** Opening PROVIDED ENTRIES block **

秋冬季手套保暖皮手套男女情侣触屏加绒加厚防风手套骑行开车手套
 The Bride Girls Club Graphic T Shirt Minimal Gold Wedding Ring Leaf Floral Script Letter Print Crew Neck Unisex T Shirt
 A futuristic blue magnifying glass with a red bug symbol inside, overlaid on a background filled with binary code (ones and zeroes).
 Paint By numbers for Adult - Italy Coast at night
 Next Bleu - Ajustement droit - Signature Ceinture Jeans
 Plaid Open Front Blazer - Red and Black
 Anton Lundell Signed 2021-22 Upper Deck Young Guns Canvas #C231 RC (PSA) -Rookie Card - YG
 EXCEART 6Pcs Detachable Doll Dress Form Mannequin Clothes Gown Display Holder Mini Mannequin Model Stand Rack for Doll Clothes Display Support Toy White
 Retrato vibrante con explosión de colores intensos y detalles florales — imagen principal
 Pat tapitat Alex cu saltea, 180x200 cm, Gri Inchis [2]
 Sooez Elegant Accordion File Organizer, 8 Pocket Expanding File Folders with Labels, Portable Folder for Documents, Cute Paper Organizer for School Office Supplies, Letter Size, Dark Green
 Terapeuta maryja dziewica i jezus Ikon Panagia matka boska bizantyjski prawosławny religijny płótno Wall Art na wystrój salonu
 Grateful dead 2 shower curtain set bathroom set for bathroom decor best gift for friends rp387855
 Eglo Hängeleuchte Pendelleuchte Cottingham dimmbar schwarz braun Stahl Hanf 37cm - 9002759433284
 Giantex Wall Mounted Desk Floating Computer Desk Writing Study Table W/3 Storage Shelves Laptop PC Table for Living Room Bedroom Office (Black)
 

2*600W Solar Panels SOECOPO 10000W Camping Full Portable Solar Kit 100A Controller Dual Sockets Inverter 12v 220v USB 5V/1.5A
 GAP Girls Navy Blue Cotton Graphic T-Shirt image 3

** Closing PROVIDED ENTRIES block **

Search the data above for the string "Shirt" and return every line that has it.

 The Bride Girls Club Graphic T Shirt Minimal Gold Wedding Ring Leaf Floral Script Letter Print Crew Neck Unisex T Shirt
 GAP Girls Navy Blue Cotton Graphic T-Shirt image 3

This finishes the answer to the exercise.